Guerra e pace, democrazia e tasse: come fare discernimento?

La democrazia, qualcuno diceva, è la peggiore forma di governo tranne le altre finora sperimentate.

Qualche volta questo è un problema anche per i cattolici, in una società dove l’aborto è un diritto e gli ultimi sono il nemico. 

Quando è stato lanciato il progetto “Nessuno si salva da solo “(che continua con finalità diverse), sembrava essersi insinuato almeno il dubbio che le tasse potessero servire a garantire la cura a tutti.

Già allora l’idea di rinunciare a una parte delle proprie entrate per gli altri aveva fatto un certo scalpore, vista dal giornale locale come “patrimoniale dal basso”, che pare impressionare ancora di più oggi. 

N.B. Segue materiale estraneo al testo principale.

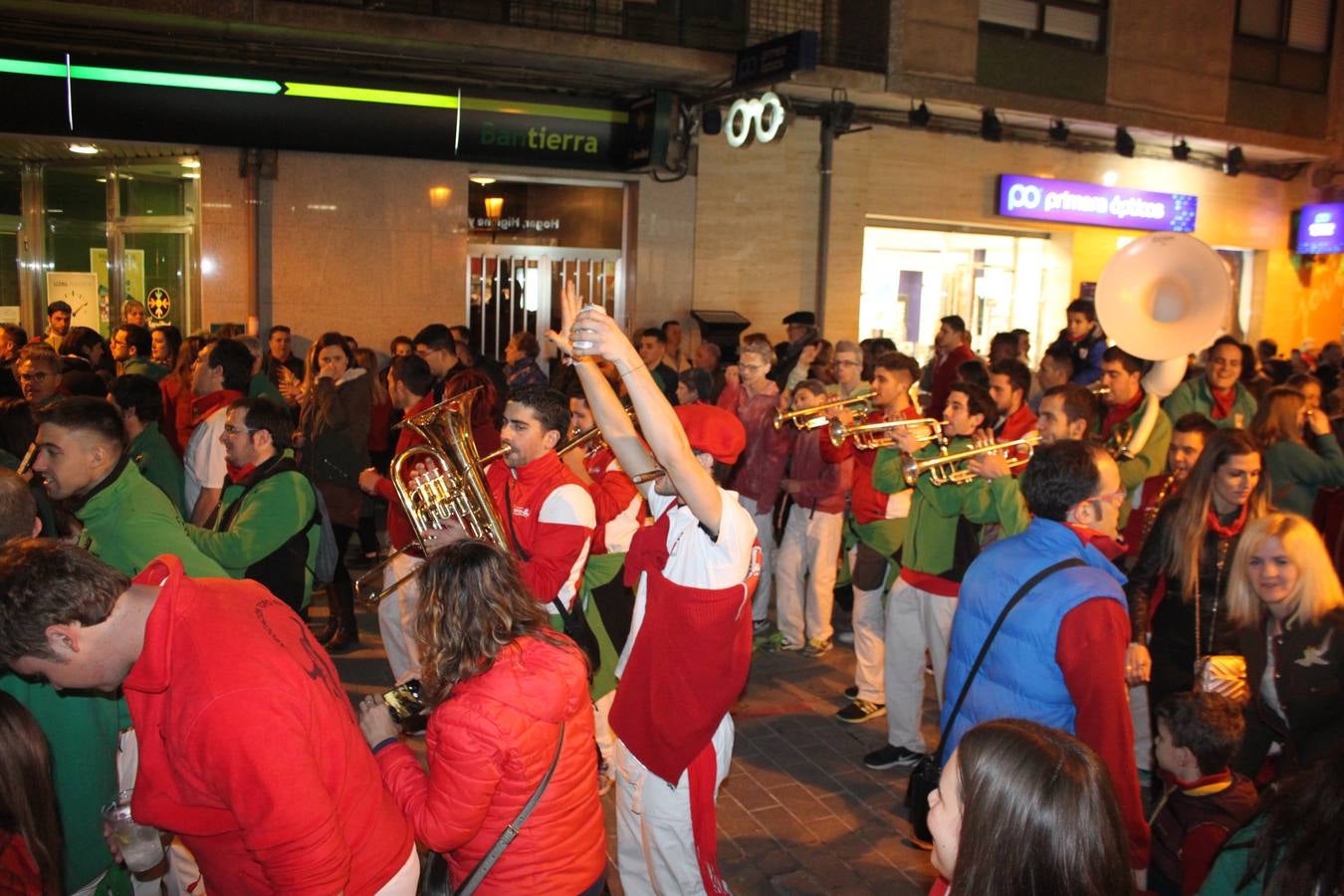 El lanzamiento de la 'bomba' abrió la noche del jueves 72 horas de fuestas de San José en Arnedo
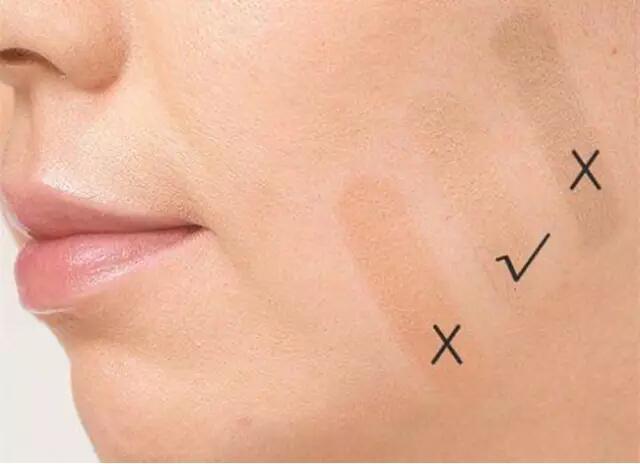 油皮粉底怎么才能脱妆不卡粉,油皮粉底怎么才不会斑驳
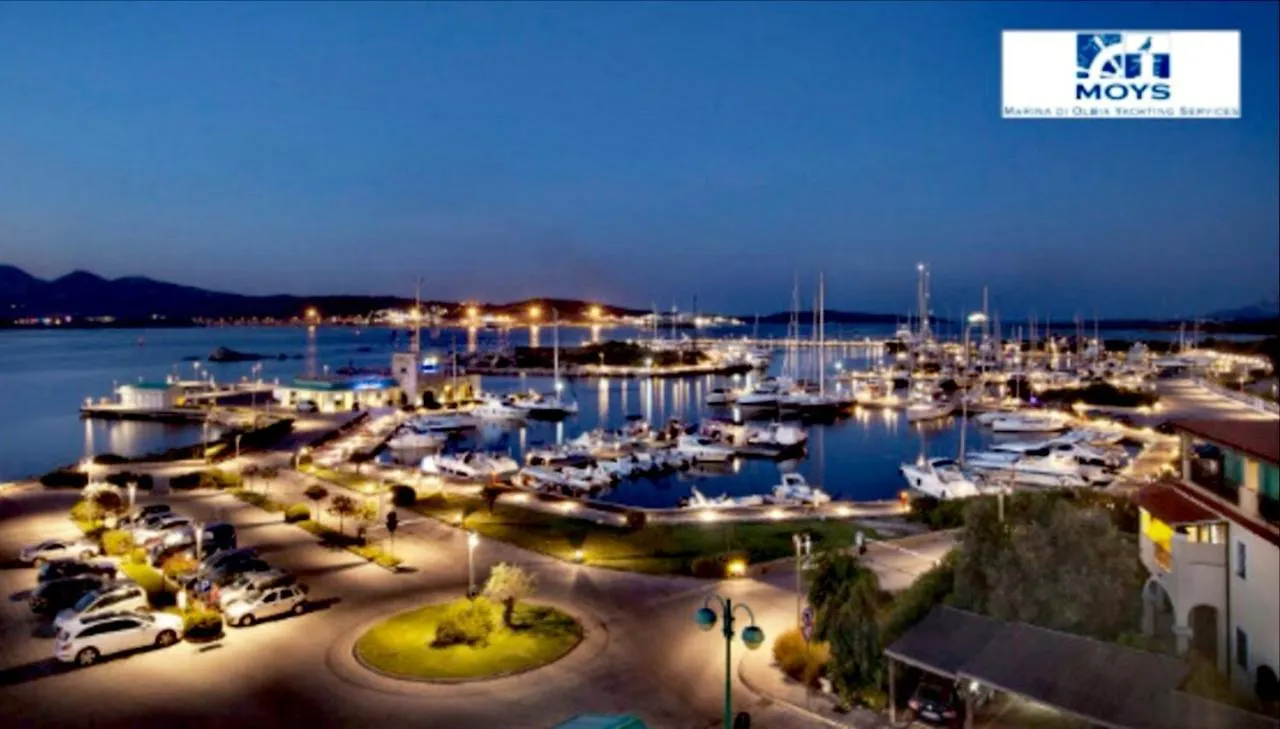 Airport-Port-Commercial Center-Veranda&Garden-60mq-per 4 persone e 2 bimbi piccoli-Giallo-possibile upgrade gratis Olbia 0*,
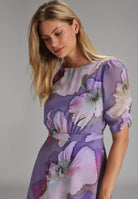 Blumiges Chiffonkleid mit Raffärmeln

I migranti sono tornati infatti a essere emergenza e invasione; i fisiologici abusi del reddito di cittadinanza sono sempre più sbandierati sui media, mentre la pace che si invoca di più è quella fiscale ovvero la rinuncia dello Stato a recuperare l’evasione. 

Non possiamo quindi meglio destinare le tasse che finanziano le strutture di peccato? 

La domanda si ripropone spesso, specialmente di fronte all’apparente impotenza di fronte a scandali che si ripetono, come l’entusiasmo con il quale l’Europa ha per prima cosa finanziato le proprie industrie belliche per difendere l’Ucraina. 

La risposta è sicuramente sì, ma deve essere stabilito come scelta condivisa nella democrazia che è un sistema che ci tutela tutti, sebbene a un prezzo.

Il Beato Teresio Olivelli è un esempio vicino a noi di fedele laico che è rimasto, finché ha potuto, dentro a un sistema che ai nostri occhi moderni era già evidentemente ingiusto, cercando di vivere in esso la sua Fede.

Quando ha scelto la ribellione lo ha fatto fino in fondo, dando la propria vita.

Di fronte a una scelta di questo tipo è stato messo, suo malgrado, il popolo ucraino e non è affatto scontato che la guerra in armi sia stata una scelta così inevitabile, ma non è così facile giudicare.

Il compito di noi cattolici che, problemi a parte, siamo al caldo, è quello di proporre tutte le azioni di pace che possiamo, ma nel sistema democratico, perfino confrontandoci con chi tra noi ritiene questa guerra una difesa dei valori spirituali contro il materialismo dell’occidente.